Why do you think author John Irving chose to express Owen’s spoken remarks in ALL CAPS? And why does Owen, likewise, by the time we reach Chapter 6—as per page 293—always execute his written communication IN THIS WAY? Discuss your text-driven impression(s) of always seeing Owen’s words ALL IN CAPS.
Owen’s voice is described in any number of ways throughout this novel: “wrecked,” “loud,” “unnatural,” “queer,” and so on. “To be heard at all,” John says at the outset of his tale, on page 5, “Owen had to shout through his nose.” How did you “hear” his voice while reading this novel?
Often in A Prayer for Owen Meany, we read of how Owen does not believe in coincidences. “On the subject of predestination,” John notes of his friend on page 105, “Owen Meany would accuse Calvin of bad faith. There were no accidents.” Is this novel arguing that fate and faith must go hand in hand? That we must fully believe in one if we are going to fully believe in the other? How would Owen answer this last question? John Wheelwright? Yourself?
At its core, this book is about a friendship: a best-friend, coming-of-age relationship between two boys. John, our narrator, comes from an old New England family of wealth and distinction, while Owen, our hero, comes from a working-class background—his family is “descended from later immigrants; they were Boston Irish” (page 21).

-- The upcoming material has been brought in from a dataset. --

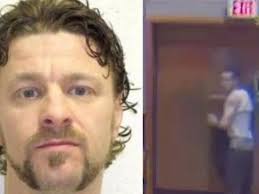 Moment inmate escapes out of courthouse unnoticed barefoot and in handcuffs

Talk about the economic influences at work in this novel; discuss the rich-and-poor (or haves-and-have-nots) quality of the book. Would this story work as well as it does—would it be as compelling, as moving, as powerful—if Johnny and Owen came from the same socioeconomic class?
“Yankees believe in closed doors,” notes John on page 138. What does he mean? And what did reading this novel teach you about small town life in New England, or about “traditional” culture in New England as it’s commonly understood?
In Chapter 4 (“The Little Lord Jesus”)—and at other points throughout the novel—Owen clearly does or says (or reacts to) certain things in a particularly Christ-like way. Is this novel—or its narrator—asking us to see Owen as the Second Coming? Or are we actually being warned not to see him thus?
On page 371, over the course of a few paragraphs, we learn how many Americans were stationed in Vietnam on New Year’s Eve in 1963, 1964, 1965, 1966, and 1967. As the novel progresses we ultimately learn why John is so focused on such facts and figures—but what did you learn specifically from A Prayer for Owen Meany about America’s involvement in Vietnam?
Diary entries—one’s musings, wanderings, predictions, confessions, and dreams, all of them recorded dutifully in a private journal—play a crucial part in this novel. Talk about the links that exist between diary entries and memories. Couldn’t all of this novel be read, and understood, as a prolonged back-and-forth—a dialogue, an exchange—between John Wheelwright’s bygone memories and his present-day diary entries? As John laments on page 392: “There’s nothing in the news that’s worth remembering. Why, then, do I have such a hard time forgetting it?” How would you, as a reader, answer this rhetorical question?
Is A Prayer for Owen Meany a work of magical realism? Why do or don’t you think so?